TV and radio are the most important variables. They have a great impact on influencing sales.
RF.varimp.dur1 =varImp(rf, scale = FALSE)
imp <- data.frame(importance = RF.varimp.dur1$importance) %>%
tibble::rownames_to_column(var = "variable")
imp %>% ggplot(aes(x = reorder(variable,Overall), y = Overall)) +
geom_bar(stat = "identity", fill = "#440154", color = "black")+
coord_flip() +
labs(x = "Variables", y = "Variable importance")
Used a log transformation to show the small values easier.
imp.log <- data.frame(importance = RF.varimp.dur1$importance) %>%
log() %>%
tibble::rownames_to_column(var = "variable")

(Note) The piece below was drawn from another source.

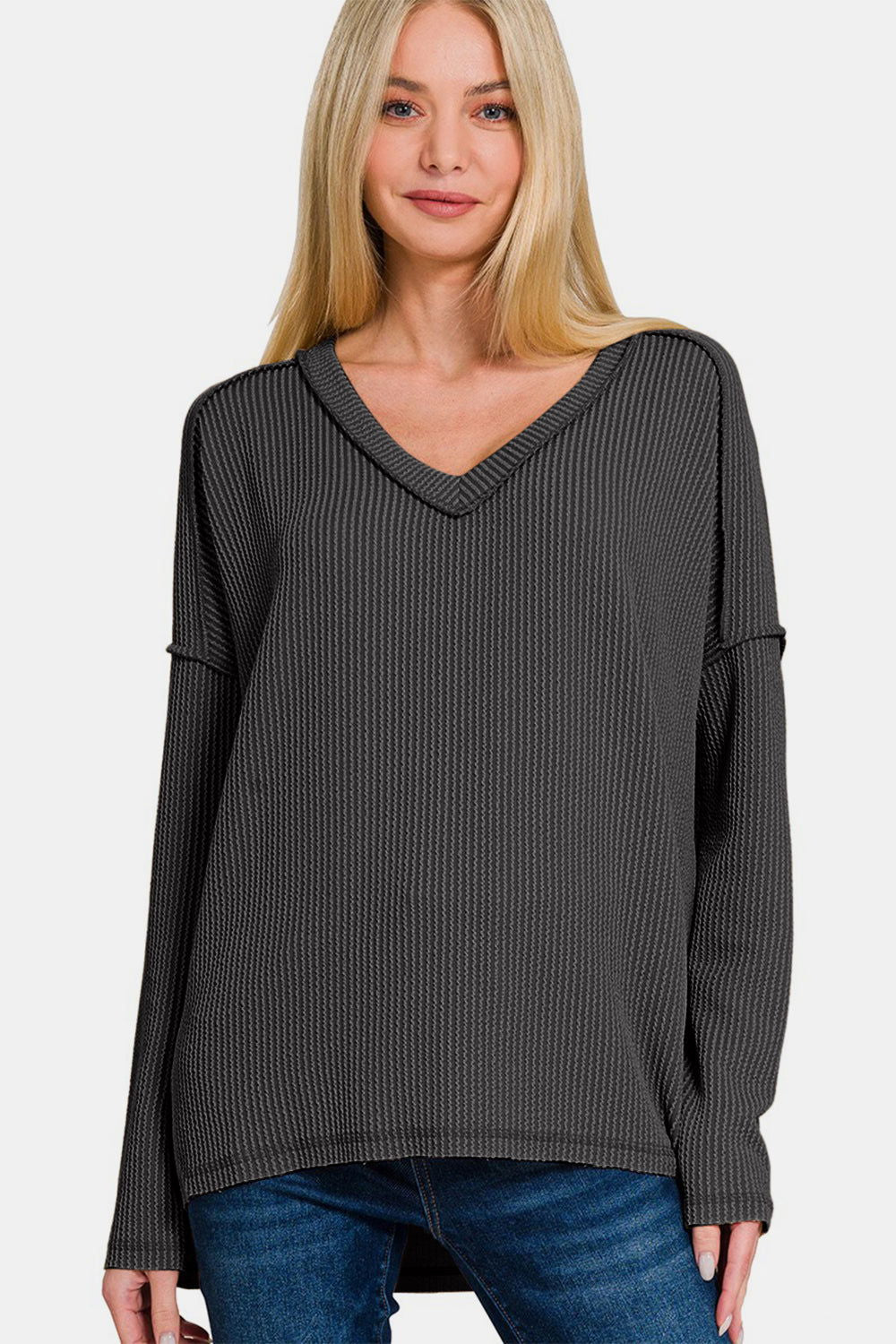 Zenana Texture Exposed Seam V-Neck Long Sleeve T-Shirt us.meeeshop -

imp.log %>% ggplot(aes(x = reorder(variable,Overall), y = Overall)) +
geom_bar(stat = "identity", fill = "#440154", color = "black")+
coord_flip() +
labs(x = "Variables", y = "Variable importance")
Random forest has a test r-squared of 99.17% and a RMSE of 8.32. This model has a slightly higher test r-squared compared to the linear regression and decision tree. This model has a lower RMSE compared to the decision tree and a slighly higher RMSE compared to the linear regression.
y_hat = predict(rf, test)
mse.rf = mean((y_hat - test$Sales)^2)
rf.rmse = caret::RMSE(y_hat,test$Sales)
rf.r2 = R2(y_hat, test$Sales)
rf_performance_metrics =
data.frame(R_squared = rf.r2,
MSE = mse.rf,
RMSE = rf.rmse)
kable(rf_performance_metrics,
col.names = c("R-squared", "MSE", "RMSE"))
R-squared | MSE | RMSE |
---|---|---|
0.9918634 | 69.17844 | 8.317357 |
Higher TV budget predicts higher sales.
partial(rf, pred.var = "TV", train = train, plot = TRUE, plot.engine = "ggplot2")
Higher radio budget predicts higher sales.
partial(rf, pred.var = "Radio", train = train, plot = TRUE, plot.engine = "ggplot2")
Macro influnecers predict higher sales.
partial(rf, pred.var = "Influencer", train = train, plot = TRUE, plot.engine = "ggplot2")
Random forest outperforms the two other models. The variable importance from the random forest let’s us know that TV budget and radio budget are crucial in the model. Interestingly, in the linear regression model, we saw that TV budget and radio budget were both statistically significant variables. Social media budget and influencer type was not important in the random forest or statistically significant in the linear model.
To increase sales, investing in TV budget and radio budget will bring in more money.